Mountain View

Like most cities in Silicon Valley, Mountain View owes its existence not to technology but agriculture. It wasn’t until the 1950s, hundreds of years after the first settlers arrived and decades past its heyday as the “Valley of the Heart’s Delight,” that technology companies came to the Santa Clara Valley to make their mark.

In Mountain View, Shockley Semiconductor was founded in 1956 by William Shockley. Others soon followed. Sleepy Mountain View, which entered the 1950s with a long history of agricultural success and a population of around 6,000 residents, grew by 370 percent during the decade. By 1960, the people of Mountain View, the new center for aerospace and electronics, were 30,889.

Mountain View has again doubled in size since then. Today it has 74,000 citizens living in nine separate districts. Technology still drives the city’s economy, with numerous upper-case names calling Mountain View home. The most significant of these is Google, which moved its headquarters to the former home of Silicon Graphics in 2003. The “Googleplex” employs over 20,000 and is looking to grow. Since 2010, Google has purchased 24 buildings in Mountain View.

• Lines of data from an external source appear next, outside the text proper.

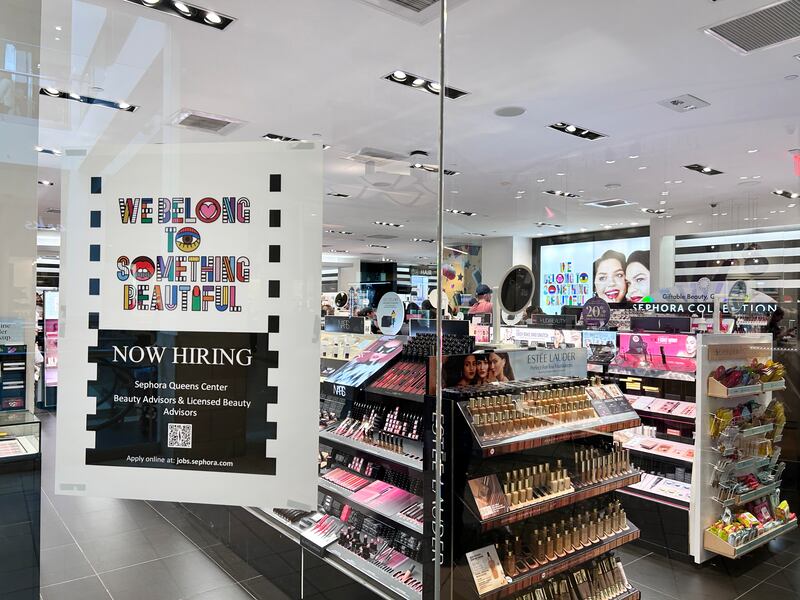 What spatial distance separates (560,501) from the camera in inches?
109

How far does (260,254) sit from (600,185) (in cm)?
577

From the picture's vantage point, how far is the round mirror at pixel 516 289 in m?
3.75

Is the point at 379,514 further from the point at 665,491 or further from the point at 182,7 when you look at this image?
the point at 182,7

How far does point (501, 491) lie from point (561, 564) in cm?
53

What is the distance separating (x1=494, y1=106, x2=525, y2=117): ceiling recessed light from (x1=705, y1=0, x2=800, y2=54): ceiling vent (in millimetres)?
1778

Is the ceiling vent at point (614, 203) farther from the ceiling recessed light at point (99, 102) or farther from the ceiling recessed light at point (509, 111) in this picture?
the ceiling recessed light at point (99, 102)

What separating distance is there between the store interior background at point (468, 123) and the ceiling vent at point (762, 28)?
0.09 meters

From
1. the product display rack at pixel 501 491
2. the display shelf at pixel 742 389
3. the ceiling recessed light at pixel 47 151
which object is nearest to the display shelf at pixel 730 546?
the display shelf at pixel 742 389

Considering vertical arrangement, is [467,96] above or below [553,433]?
above

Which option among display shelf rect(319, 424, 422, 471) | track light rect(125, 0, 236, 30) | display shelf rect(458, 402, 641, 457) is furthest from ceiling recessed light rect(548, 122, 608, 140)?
display shelf rect(319, 424, 422, 471)

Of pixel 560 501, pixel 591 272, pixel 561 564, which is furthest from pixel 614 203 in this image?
pixel 561 564

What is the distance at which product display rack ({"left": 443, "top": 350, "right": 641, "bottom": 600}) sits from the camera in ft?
8.23

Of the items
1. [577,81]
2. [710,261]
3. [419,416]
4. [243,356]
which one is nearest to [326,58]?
[577,81]

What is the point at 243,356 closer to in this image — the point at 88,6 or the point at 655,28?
the point at 88,6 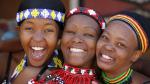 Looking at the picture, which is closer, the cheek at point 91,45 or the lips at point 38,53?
the cheek at point 91,45

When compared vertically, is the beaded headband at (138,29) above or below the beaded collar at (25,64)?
above

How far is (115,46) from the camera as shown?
295 centimetres

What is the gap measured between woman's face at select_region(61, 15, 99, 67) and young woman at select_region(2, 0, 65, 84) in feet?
0.49

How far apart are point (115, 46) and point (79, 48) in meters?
0.27

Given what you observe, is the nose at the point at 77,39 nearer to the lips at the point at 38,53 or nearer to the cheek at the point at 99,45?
the cheek at the point at 99,45

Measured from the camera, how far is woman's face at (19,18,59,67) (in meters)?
3.15

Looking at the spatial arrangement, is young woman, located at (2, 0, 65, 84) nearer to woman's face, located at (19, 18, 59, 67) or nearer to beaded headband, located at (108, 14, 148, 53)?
woman's face, located at (19, 18, 59, 67)

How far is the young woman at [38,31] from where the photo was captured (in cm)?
316

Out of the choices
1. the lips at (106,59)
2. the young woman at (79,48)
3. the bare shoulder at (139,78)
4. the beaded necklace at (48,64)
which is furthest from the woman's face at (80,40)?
the bare shoulder at (139,78)

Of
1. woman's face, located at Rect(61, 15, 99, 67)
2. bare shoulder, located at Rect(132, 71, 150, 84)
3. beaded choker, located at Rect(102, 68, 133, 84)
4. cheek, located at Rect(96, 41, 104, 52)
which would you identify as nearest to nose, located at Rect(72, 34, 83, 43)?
woman's face, located at Rect(61, 15, 99, 67)

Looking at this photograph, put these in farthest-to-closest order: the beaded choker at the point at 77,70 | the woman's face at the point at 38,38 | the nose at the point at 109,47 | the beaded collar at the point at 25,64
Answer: the beaded collar at the point at 25,64 → the woman's face at the point at 38,38 → the beaded choker at the point at 77,70 → the nose at the point at 109,47

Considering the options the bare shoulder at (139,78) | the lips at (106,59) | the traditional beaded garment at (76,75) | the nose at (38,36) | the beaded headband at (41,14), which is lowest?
the bare shoulder at (139,78)

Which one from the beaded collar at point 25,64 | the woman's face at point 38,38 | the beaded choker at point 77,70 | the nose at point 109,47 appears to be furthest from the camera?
the beaded collar at point 25,64

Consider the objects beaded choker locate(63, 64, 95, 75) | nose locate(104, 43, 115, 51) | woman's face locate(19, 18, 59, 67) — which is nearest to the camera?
nose locate(104, 43, 115, 51) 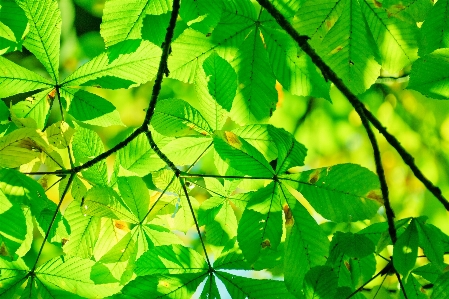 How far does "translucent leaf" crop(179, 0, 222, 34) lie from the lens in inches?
38.7

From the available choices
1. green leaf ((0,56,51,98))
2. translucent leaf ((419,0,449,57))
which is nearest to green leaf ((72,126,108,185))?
green leaf ((0,56,51,98))

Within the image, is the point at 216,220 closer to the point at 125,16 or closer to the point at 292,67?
the point at 292,67

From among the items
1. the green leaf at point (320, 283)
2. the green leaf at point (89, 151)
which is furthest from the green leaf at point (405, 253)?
the green leaf at point (89, 151)

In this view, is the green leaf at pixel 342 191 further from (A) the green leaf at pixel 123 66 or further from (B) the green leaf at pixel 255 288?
(A) the green leaf at pixel 123 66

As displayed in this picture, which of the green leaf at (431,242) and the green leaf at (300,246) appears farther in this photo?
the green leaf at (300,246)

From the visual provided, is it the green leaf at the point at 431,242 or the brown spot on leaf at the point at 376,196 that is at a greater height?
the brown spot on leaf at the point at 376,196

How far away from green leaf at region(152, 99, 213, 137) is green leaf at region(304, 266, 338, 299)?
1.44 feet

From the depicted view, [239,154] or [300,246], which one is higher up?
[239,154]

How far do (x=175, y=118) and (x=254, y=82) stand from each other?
245 mm

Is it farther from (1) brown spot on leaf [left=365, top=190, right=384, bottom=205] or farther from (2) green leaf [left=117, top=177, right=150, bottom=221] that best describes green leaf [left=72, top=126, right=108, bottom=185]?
(1) brown spot on leaf [left=365, top=190, right=384, bottom=205]

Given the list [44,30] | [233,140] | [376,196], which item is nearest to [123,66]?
[44,30]

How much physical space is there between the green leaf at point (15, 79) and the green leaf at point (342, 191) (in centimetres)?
70

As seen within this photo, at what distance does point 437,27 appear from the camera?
105 centimetres

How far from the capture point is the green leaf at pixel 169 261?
1.02m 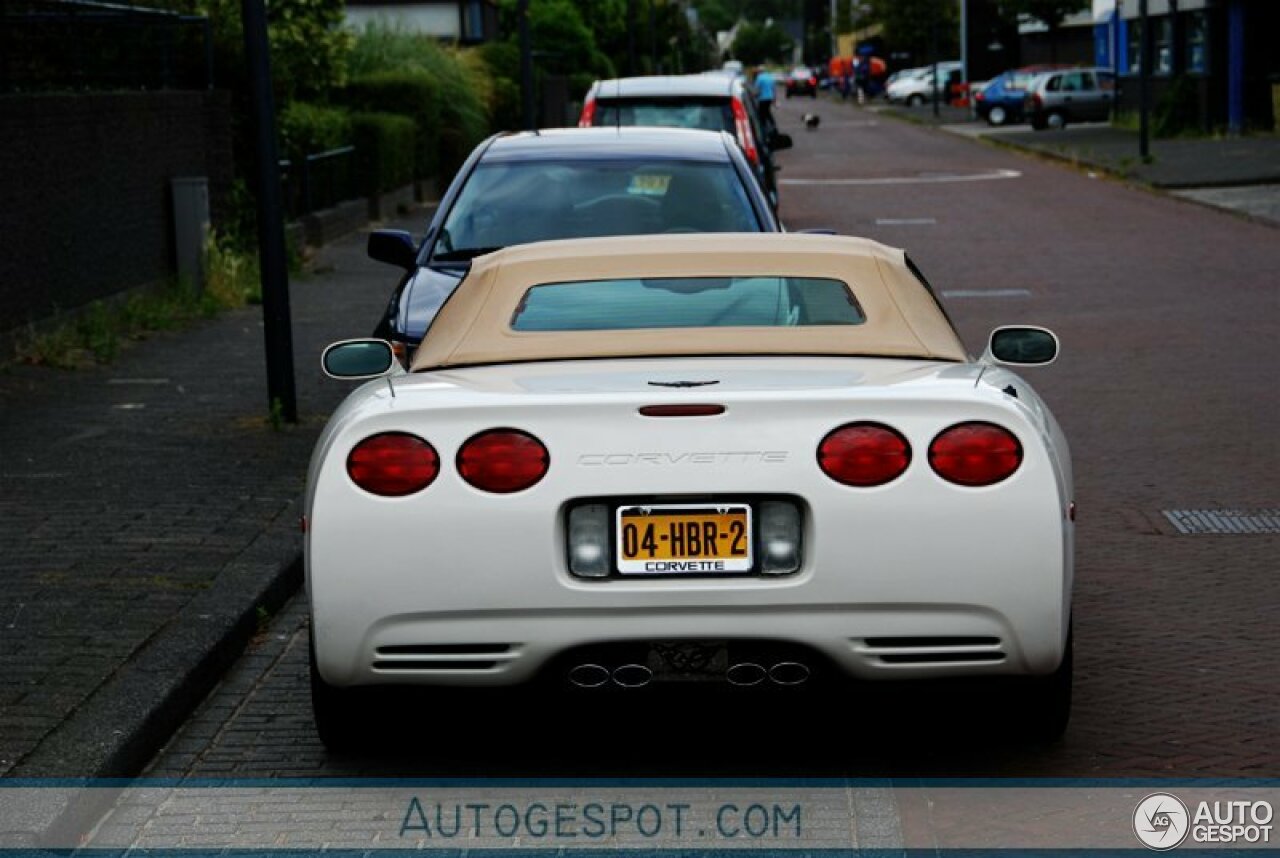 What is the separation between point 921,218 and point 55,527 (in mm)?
21103

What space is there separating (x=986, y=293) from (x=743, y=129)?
10.3 feet

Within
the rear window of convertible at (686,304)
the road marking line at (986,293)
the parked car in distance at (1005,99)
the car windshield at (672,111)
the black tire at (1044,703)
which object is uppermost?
the rear window of convertible at (686,304)

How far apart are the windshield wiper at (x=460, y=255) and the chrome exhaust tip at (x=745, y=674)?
546 cm

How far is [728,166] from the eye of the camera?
36.9 ft

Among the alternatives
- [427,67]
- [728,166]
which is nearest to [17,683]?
[728,166]

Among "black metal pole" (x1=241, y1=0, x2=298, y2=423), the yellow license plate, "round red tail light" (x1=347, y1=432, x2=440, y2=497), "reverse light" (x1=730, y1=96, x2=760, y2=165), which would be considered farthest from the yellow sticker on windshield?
"reverse light" (x1=730, y1=96, x2=760, y2=165)

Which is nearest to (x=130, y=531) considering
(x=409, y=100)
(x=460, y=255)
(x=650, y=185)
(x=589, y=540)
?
(x=460, y=255)

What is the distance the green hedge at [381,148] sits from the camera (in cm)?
2859

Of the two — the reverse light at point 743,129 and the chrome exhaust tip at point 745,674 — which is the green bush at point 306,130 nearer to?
the reverse light at point 743,129

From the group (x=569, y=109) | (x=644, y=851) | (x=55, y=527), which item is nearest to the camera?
(x=644, y=851)

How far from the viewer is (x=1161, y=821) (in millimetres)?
5281

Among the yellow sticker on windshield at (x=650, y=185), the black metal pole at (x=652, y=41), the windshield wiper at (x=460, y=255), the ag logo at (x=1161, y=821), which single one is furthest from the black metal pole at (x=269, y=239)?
the black metal pole at (x=652, y=41)

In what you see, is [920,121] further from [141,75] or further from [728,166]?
[728,166]

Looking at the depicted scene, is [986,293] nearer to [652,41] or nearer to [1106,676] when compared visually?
[1106,676]
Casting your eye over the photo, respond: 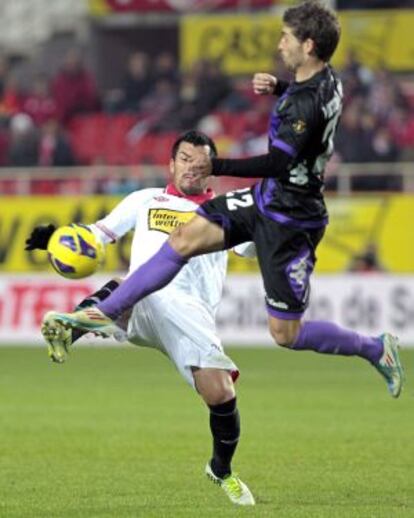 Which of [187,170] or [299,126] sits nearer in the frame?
[299,126]

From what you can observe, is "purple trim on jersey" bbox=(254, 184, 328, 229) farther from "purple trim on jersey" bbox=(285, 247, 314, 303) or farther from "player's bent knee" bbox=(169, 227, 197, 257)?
"player's bent knee" bbox=(169, 227, 197, 257)

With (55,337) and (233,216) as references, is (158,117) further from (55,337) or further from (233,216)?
(55,337)

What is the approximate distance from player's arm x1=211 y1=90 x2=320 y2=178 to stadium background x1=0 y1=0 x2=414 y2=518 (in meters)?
1.78

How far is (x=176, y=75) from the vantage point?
25.8 metres

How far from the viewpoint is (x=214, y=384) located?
28.5 ft

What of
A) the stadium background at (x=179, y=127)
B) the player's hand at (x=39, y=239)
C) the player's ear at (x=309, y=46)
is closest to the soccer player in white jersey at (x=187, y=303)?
the player's hand at (x=39, y=239)

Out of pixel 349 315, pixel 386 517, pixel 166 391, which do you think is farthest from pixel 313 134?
pixel 349 315

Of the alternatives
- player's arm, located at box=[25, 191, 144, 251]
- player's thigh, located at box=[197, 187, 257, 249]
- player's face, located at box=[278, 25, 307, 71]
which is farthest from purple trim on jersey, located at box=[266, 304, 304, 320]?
player's face, located at box=[278, 25, 307, 71]

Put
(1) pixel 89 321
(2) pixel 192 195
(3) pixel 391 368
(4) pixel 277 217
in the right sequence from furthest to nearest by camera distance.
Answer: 1. (2) pixel 192 195
2. (3) pixel 391 368
3. (4) pixel 277 217
4. (1) pixel 89 321

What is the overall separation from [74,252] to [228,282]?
1202 cm

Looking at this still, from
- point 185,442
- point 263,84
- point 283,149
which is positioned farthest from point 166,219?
point 185,442

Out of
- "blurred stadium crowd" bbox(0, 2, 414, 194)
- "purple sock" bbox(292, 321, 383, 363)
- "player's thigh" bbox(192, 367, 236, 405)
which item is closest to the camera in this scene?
"purple sock" bbox(292, 321, 383, 363)

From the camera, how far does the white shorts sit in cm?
871

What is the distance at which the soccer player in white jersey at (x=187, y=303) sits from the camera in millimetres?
8727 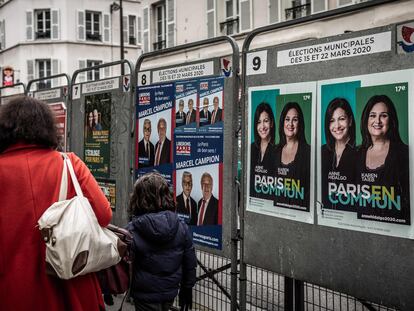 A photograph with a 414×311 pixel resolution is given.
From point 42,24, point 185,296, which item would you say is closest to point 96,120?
point 185,296

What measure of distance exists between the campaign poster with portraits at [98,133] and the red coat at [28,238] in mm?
3384

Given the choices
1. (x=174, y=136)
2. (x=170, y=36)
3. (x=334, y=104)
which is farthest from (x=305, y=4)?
(x=334, y=104)

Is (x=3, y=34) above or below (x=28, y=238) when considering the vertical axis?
above

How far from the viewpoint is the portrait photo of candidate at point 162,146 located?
5.46 m

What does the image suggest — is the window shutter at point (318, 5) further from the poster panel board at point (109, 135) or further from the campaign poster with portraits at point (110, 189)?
the campaign poster with portraits at point (110, 189)

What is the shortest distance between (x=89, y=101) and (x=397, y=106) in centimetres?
447

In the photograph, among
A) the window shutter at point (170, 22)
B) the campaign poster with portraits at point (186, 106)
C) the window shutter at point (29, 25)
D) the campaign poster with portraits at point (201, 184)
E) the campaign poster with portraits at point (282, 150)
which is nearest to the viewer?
the campaign poster with portraits at point (282, 150)

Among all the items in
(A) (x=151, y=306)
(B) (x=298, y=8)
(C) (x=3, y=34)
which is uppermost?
(C) (x=3, y=34)

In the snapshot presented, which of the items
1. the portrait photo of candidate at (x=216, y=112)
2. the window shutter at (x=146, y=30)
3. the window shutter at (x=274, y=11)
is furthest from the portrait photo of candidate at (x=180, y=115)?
the window shutter at (x=146, y=30)

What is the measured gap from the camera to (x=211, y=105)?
4.87 meters

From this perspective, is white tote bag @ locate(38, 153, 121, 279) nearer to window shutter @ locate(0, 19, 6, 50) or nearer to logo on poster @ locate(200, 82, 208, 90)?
logo on poster @ locate(200, 82, 208, 90)

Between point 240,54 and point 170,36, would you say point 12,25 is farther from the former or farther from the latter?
point 240,54

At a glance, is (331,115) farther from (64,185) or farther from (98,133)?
(98,133)

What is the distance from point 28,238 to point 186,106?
93.0 inches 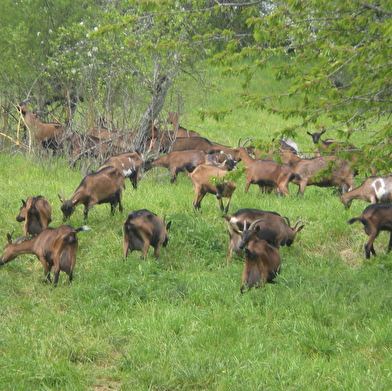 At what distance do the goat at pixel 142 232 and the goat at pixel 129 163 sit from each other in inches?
152

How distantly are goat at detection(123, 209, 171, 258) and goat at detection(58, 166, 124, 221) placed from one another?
5.29ft

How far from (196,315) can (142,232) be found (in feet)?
6.24

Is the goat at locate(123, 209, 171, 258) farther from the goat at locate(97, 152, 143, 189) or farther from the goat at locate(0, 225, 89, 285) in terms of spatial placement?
the goat at locate(97, 152, 143, 189)

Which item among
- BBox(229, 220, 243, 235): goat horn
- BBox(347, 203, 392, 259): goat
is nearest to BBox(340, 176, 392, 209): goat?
BBox(347, 203, 392, 259): goat

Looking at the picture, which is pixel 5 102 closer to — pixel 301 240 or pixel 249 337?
pixel 301 240

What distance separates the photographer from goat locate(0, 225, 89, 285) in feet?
27.2

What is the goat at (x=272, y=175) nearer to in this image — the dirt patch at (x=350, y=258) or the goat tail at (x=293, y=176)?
the goat tail at (x=293, y=176)

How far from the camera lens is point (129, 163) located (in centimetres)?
1330

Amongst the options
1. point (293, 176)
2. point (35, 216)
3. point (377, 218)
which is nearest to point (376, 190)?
point (293, 176)

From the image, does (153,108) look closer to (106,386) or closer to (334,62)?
(334,62)

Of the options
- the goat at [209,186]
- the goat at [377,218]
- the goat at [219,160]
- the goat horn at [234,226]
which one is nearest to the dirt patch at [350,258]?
the goat at [377,218]

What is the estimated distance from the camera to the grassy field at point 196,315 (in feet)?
20.2

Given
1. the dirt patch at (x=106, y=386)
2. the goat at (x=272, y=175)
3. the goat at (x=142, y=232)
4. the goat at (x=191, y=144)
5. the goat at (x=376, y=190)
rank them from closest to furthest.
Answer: the dirt patch at (x=106, y=386), the goat at (x=142, y=232), the goat at (x=376, y=190), the goat at (x=272, y=175), the goat at (x=191, y=144)

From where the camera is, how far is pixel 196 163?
578 inches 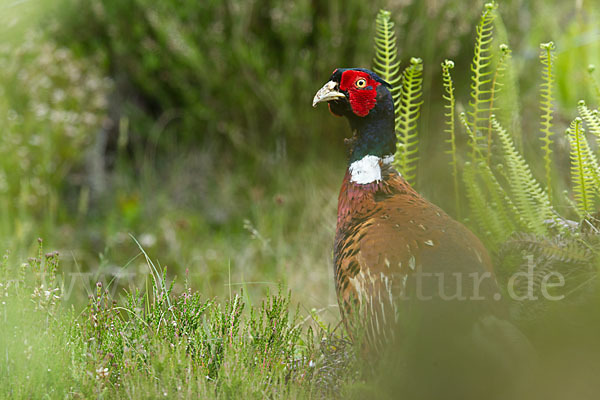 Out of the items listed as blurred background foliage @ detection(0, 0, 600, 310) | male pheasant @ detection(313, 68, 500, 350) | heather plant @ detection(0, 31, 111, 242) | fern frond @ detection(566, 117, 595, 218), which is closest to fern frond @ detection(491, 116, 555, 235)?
fern frond @ detection(566, 117, 595, 218)

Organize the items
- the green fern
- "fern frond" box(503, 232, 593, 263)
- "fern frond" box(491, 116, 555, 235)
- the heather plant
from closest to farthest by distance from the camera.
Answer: "fern frond" box(503, 232, 593, 263)
the green fern
"fern frond" box(491, 116, 555, 235)
the heather plant

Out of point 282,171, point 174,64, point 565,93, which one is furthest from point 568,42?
point 174,64

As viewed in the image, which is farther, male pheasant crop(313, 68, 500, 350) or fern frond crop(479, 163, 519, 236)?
→ fern frond crop(479, 163, 519, 236)

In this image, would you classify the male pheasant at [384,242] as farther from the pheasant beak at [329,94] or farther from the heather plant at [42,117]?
the heather plant at [42,117]

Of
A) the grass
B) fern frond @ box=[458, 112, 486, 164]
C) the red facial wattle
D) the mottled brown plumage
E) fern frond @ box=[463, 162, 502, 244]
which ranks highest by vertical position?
the red facial wattle

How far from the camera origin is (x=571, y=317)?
1.96 m

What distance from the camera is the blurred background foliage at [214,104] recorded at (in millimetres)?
4566

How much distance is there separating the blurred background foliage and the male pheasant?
73.4 inches

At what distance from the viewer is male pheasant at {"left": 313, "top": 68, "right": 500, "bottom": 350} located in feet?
Answer: 6.18

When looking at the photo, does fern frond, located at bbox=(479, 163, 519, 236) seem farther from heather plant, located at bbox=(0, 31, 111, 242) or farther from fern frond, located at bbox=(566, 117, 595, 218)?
heather plant, located at bbox=(0, 31, 111, 242)

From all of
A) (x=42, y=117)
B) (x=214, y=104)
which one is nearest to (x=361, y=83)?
(x=214, y=104)

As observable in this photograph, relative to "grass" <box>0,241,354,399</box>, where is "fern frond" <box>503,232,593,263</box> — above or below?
above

The influence of Google, Symantec, Linked In, Intuit, and others on Mountain View cannot be overstated. For example, Mountain View’s downtown has undergone a complete overhaul in recent years. Beginning in 1990, Mountain View city leaders took a sharp turn from decades-old policies that had turned their town into what some were calling a “dormitory for high-tech workers,” transforming downtown into a pedestrian hub and a transit hub, thanks to CalTrain and light rail stations at the foot of Castro Street.

Downtown is now where you’ll find all manner of restaurants, shops, and lively pedestrian traffic. It’s where on Sundays you’ll find a farmers market and where, during the summer, Castro Street is closed to vehicles every Thursday night for Thursday Night Live, a community celebration with live music, children’s activities, and, at times, a classic car show. Once a year, downtown hosts a holiday tree lighting ceremony, and every September since 1971, it’s hosted the Mountain View Art & Wine Festival.

Downtown is surrounded by neighborhoods dating back to the early 1900s, classic Victorian and Arts & Crafts homes, and slight hints of the city’s agricultural past. West of El Camino Real, the streets lose their gridded pattern, settling into the curved lanes and cul-de-sacs of the 1950s and 60s suburbia. The city built these neighborhoods for the middle class, but they’ve become upper-middle-class as Mountain View’s status as a tech mecca has grown.

As that status grows, demand to live in Mountain View grows; recently, the city responded by creating a new neighborhood on top of the 55-acre former GTE Sylvania campus. Oriented around the VTA’s Whisman Station light rail stop, the Whisman neighborhood features condominiums, townhouses, single-family homes, community pools and center, and the Stevens Creek Trail, a 4.8-mile paved pedestrian and bicycle path that passes woodlands and tidal marshes on its way through town, all conveniently located for commuters and reasonably close to downtown.

While one of Mountain View’s most prominent landmarks, Moffit Federal Airfield, isn’t even in Mountain View, another, the newer landmark has grown up along something many people may not even know Mountain View has: its bayfront. Shoreline Park, Mountain View’s epicenter of recreation, with a 50-acre lake, a golf course, driving range, and vast network of trails including segments of the San Francisco Bay Trail, was once San Francisco’s landfill. In 1983, after years of transformation, it was reborn as a park. In 1986, the city added the Shoreline Amphitheater, one of the region’s biggest outdoor concert venues, to the park.

Also located in Shoreline Park is the Rengstorff House, the 1867 home of city pioneer Henry Rengstorff. Once left destitute, the Italianate mansion was restored and moved to Shoreline Park in 1991, where it’s open to the public as a museum. The house is a rare reminder of Mountain View’s roots, aptly placed less than a mile from the Googleplex, the present symbol for Mountain View, the quintessential Silicon Valley city.